I too had great appreciation for those humorous moments. Any good horror film will allow for a break in tension, and Sandberg's film does it especially effectively. As DiPersia states:
"You get these little breaks, these little bits of levity to catch your breath, and then you get the shit scared out of you 60 seconds later."
But Sandberg certainly didn't forget his roots, including a few Easter Eggs scattered throughout the film for fans of the original short. DiPersia touched on the interesting nature of Sandberg's career path from internet to movie studio:
"I think it's amazing. I think it shows how our world is just that much smaller through the internet. That someone can make something for the internet and then it becomes a Warner Bros. film, it's absolutely wild. ... It's great for young filmmakers everywhere. It shows some hopefulness."

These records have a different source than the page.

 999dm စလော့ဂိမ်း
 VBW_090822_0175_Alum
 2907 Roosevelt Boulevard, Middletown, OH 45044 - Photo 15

As talented as Sandberg is — when watching Lights Out, you won't believe it's his first feature — DiPersia and I couldn't help but touch on producer James Wan, with his attachment to the film giving DiPersia a certain sense of ease:
"A lot of horror can get a little bit campy, and with James's stuff you don't get that. You get great actors and actresses, just great casts. Nothing against the genre, but it can be cheesy. ... Obviously it wasn't a movie directed by James, but he's got his hands on it and he gave input."
We both marveled at Wan's intuition and cinematic eye, and his unwavering journey to make his first film Saw. After discussing the journey of one internet sensation, I pitched the idea of a Pokémon Go horror film, with the mobile game currently sweeping the world.
"It could be scary, it could definitely be scary. I don't think I'm quite millennial enough to know exactly what's going on, but I've seen enough on the internet to know that Nintendo is now worth $19 billion."
Indulging my silly horror film ideas, DiPersia then told me about his current project, Good Girls Revolt, a TV series about the publishing industry set in the 1960s, in which he plays a Vietnam War veteran. Describing the series as "a far cry from Lights Out," DiPersia is nonetheless excited to be a part of the innovative original series produced by Amazon. And as our conversation comes to a close, I couldn't resist teasing him a bit , dishing advice on facing his first Comic-Con ("I'll be the one dressed like Chewbacca," he jokes) and inquiring as to what scares him now as an adult.
"I mean, literally the same things. At least, beyond terrorism and everything on the news."
Fair point. With a real world that's so scary, sometimes a film like Lights Out, as spooky as it is, is a welcome diversion. Fans at Comic-Con will get to enjoy that diversion this week during a screening of Lights Out on the 20th, while the rest of the world can get their scream on this Friday, the 22nd of July. Those with a sincere fear of the dark, consider yourself forewarned.